* **Work to be completed**:
Apart from the images, repeat the data below exactly as written.

==== Data section ====

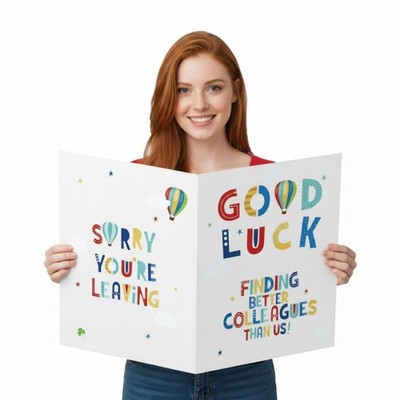 Good Luck Farewell Card Office Goodbye Card 55 x 35 cm Colorful Design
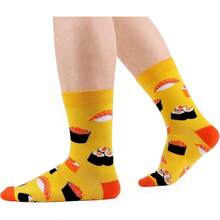 Men's Funny Novelty Crazy Pattern Dress Socks For Gifts - Blue/Red/Orange/Black/Multicolor Fruit and Food-12m - View 6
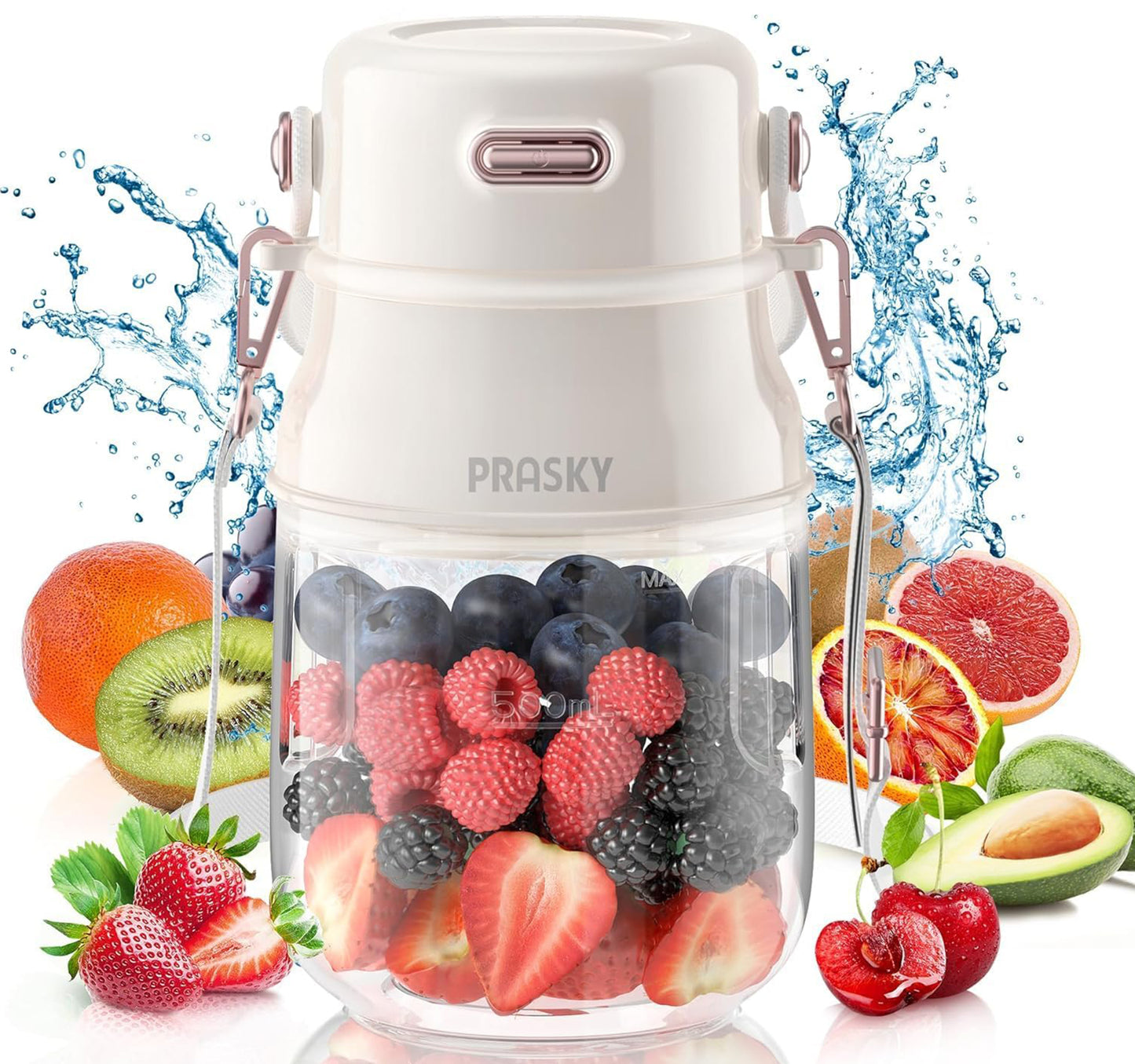 2B - PRASKY Personal Blender, BPA Free 27oz Portable Blender for Smoothies and Shakes, Juicer Blender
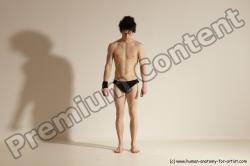 Underwear Gymnastic poses Man White Athletic Short Black Dancing Dynamic poses Academic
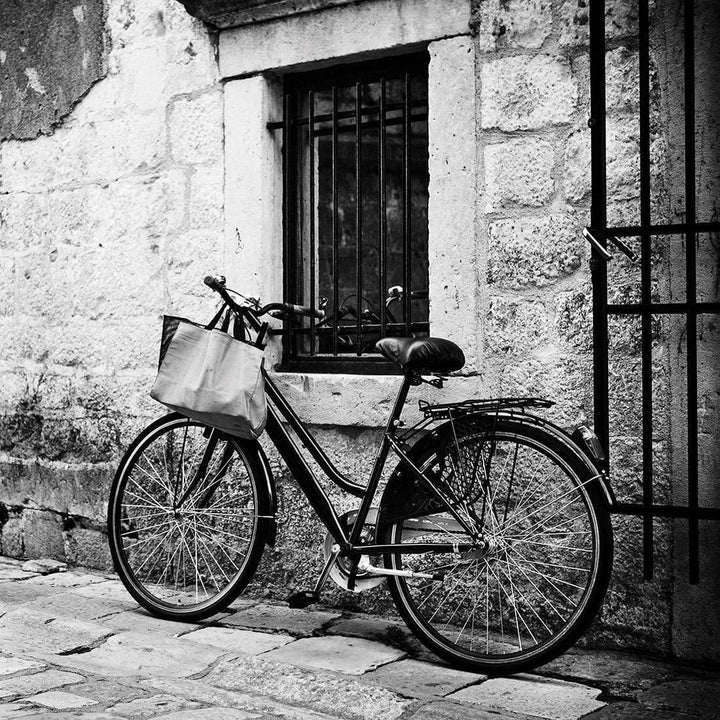 Ye Old Cycle, Black and White (Square) Wall Art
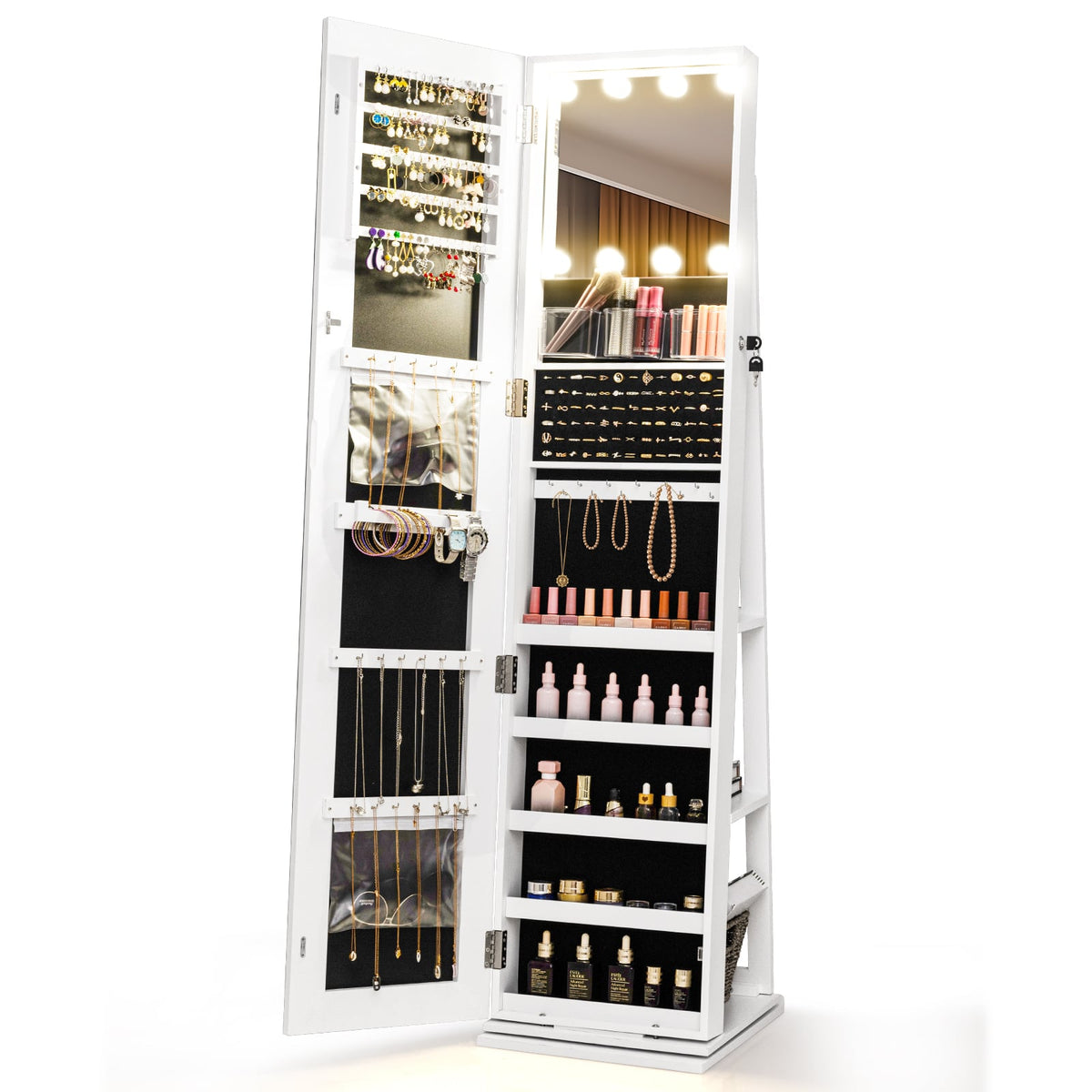 360° Swivel Freestanding Jewelry Cabinet with Lighted Full Length Mirror-White-Jewelry Armoires-DECOROLALA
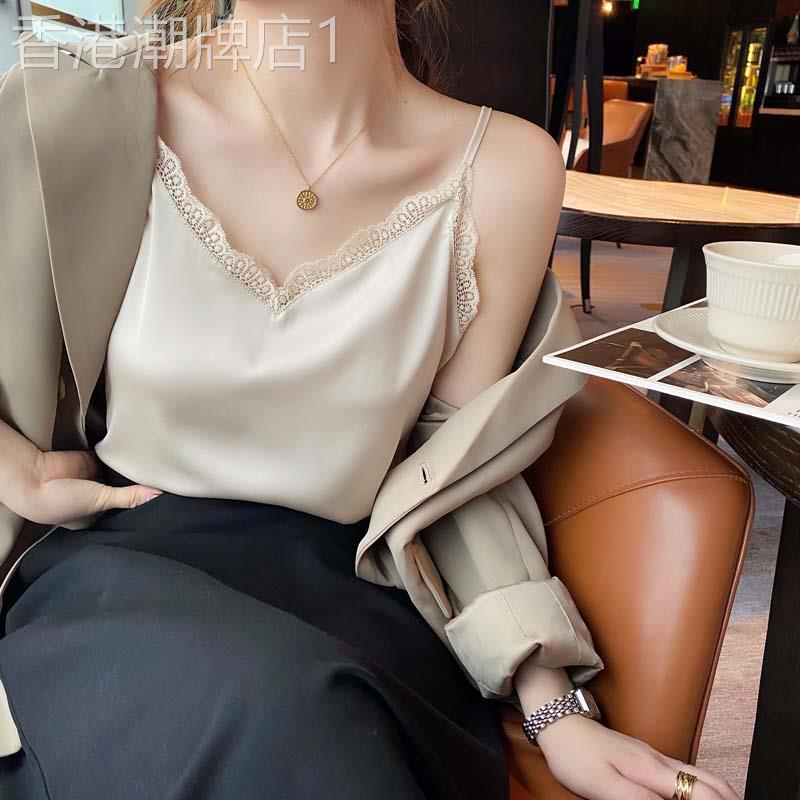 白色蕾丝吊带背心女2026夏季新款缎面V领小西装打底性感内搭上衣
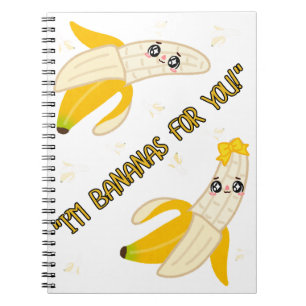Caderno Espiral aspas bananas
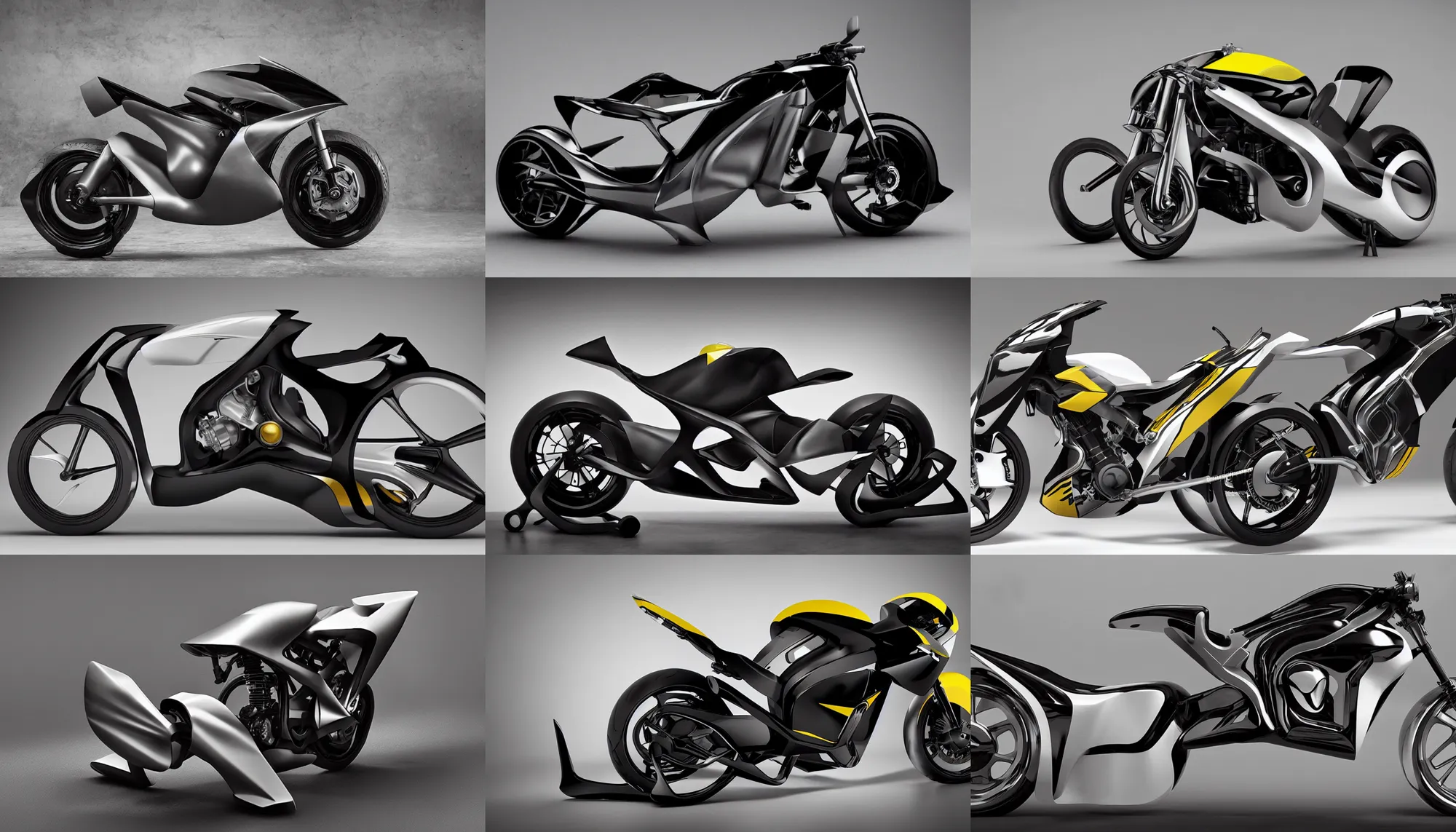 Prompt: motorbike inspired by zaha hadid architects, akira and bumblebee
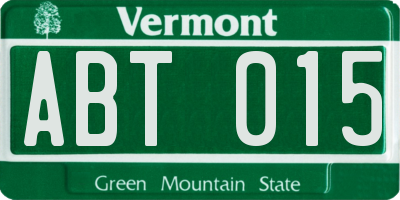 VT license plate ABT015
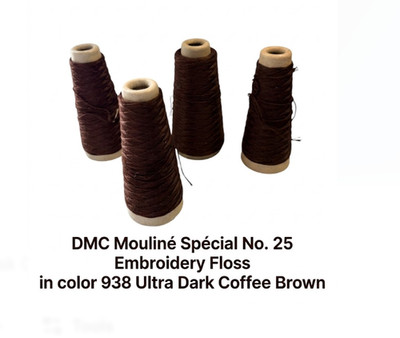 4 Vintage DMC Mouliné Spécial No. 25 Embroidery Floss 100g Cone Color 938 France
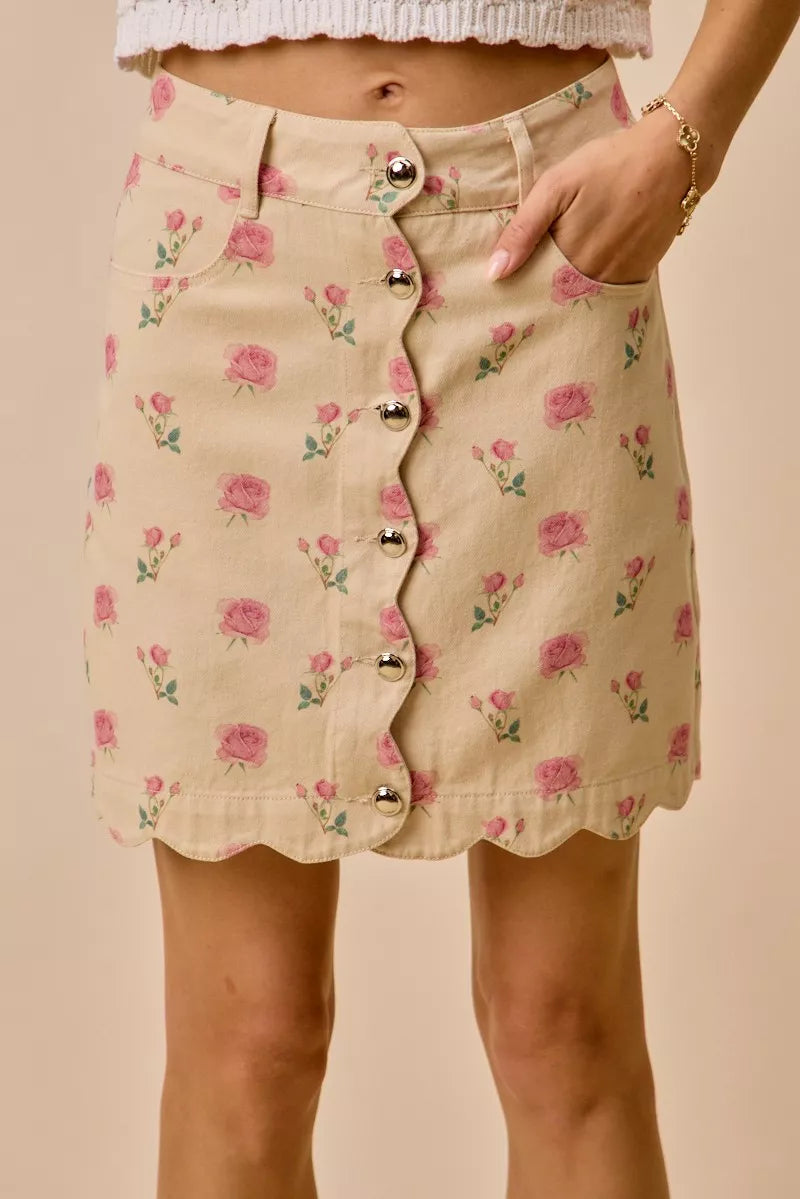 SO ME Floral Rose Print Cotton Twill Scallop Mini Skirt - cas7m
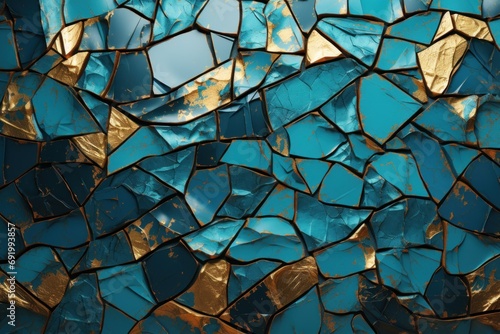  a close up view of a blue and gold mosaic tile wall with lots of gold and blue tiles on it.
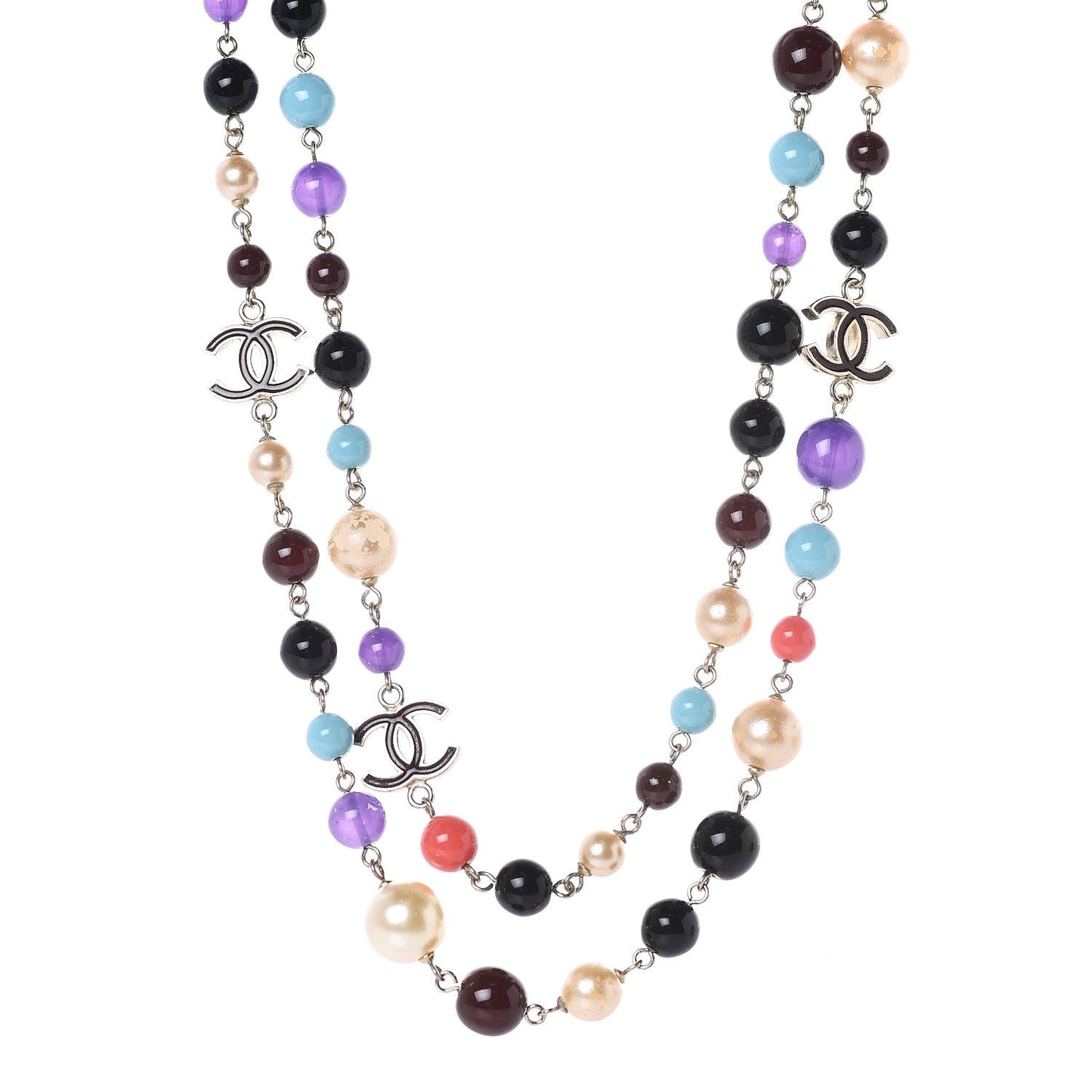 Pearl Beaded CC Long Necklace Gold Multicolor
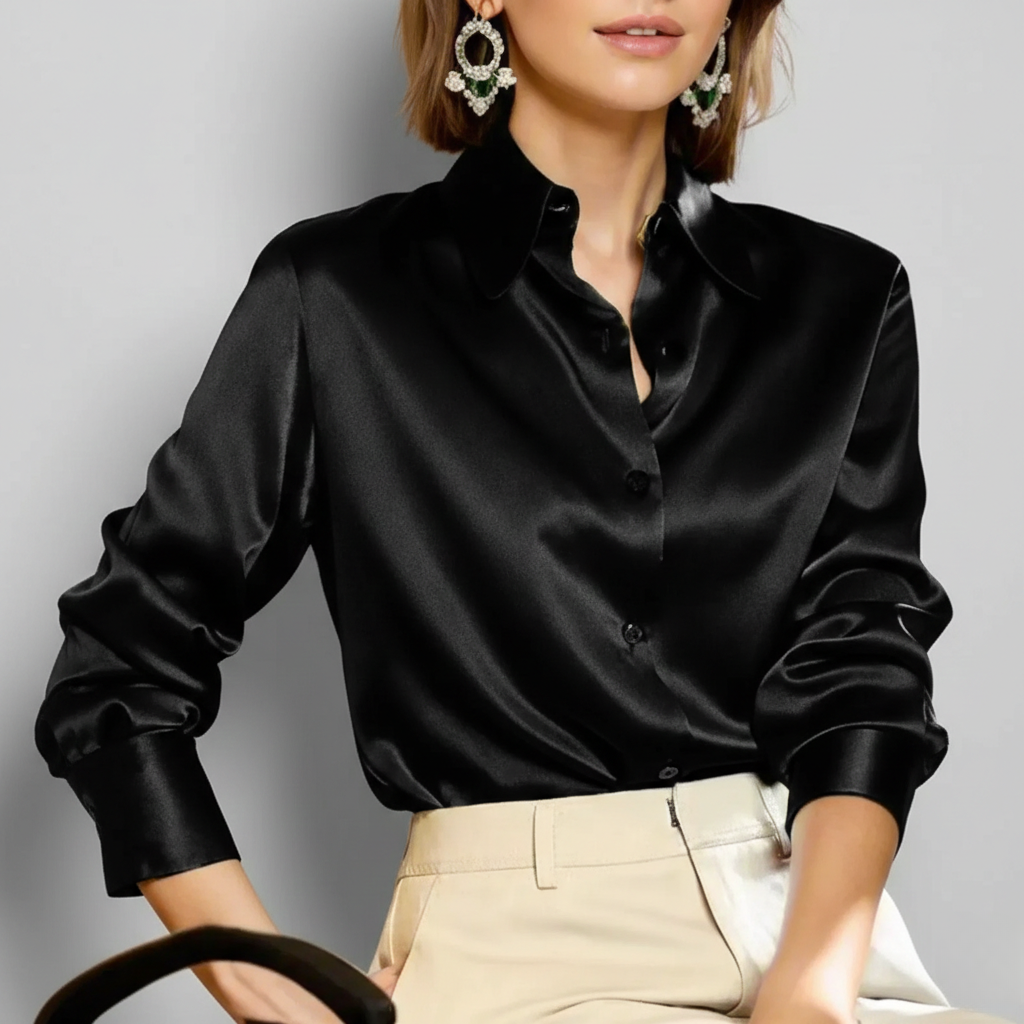 Women's Satin-Look Blouse with Long Sleeves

====

* **Response to the exercise**:
 Good Luck Farewell Card Office Goodbye Card 55 x 35 cm Colorful Design
 Men's Funny Novelty Crazy Pattern Dress Socks For Gifts - Blue/Red/Orange/Black/Multicolor Fruit and Food-12m - View 6
 2B - PRASKY Personal Blender, BPA Free 27oz Portable Blender for Smoothies and Shakes, Juicer Blender
 Underwear Gymnastic poses Man White Athletic Short Black Dancing Dynamic poses Academic
 Ye Old Cycle, Black and White (Square) Wall Art
 360° Swivel Freestanding Jewelry Cabinet with Lighted Full Length Mirror-White-Jewelry Armoires-DECOROLALA
 白色蕾丝吊带背心女2026夏季新款缎面V领小西装打底性感内搭上衣
Caderno Espiral aspas bananas
 Prompt: motorbike inspired by zaha hadid architects, akira and bumblebee
 VT license plate ABT015
 4 Vintage DMC Mouliné Spécial No. 25 Embroidery Floss 100g Cone Color 938 France
 SO ME Floral Rose Print Cotton Twill Scallop Mini Skirt - cas7m
  a close up view of a blue and gold mosaic tile wall with lots of gold and blue tiles on it.
 Pearl Beaded CC Long Necklace Gold Multicolor
 Women's Satin-Look Blouse with Long Sleeves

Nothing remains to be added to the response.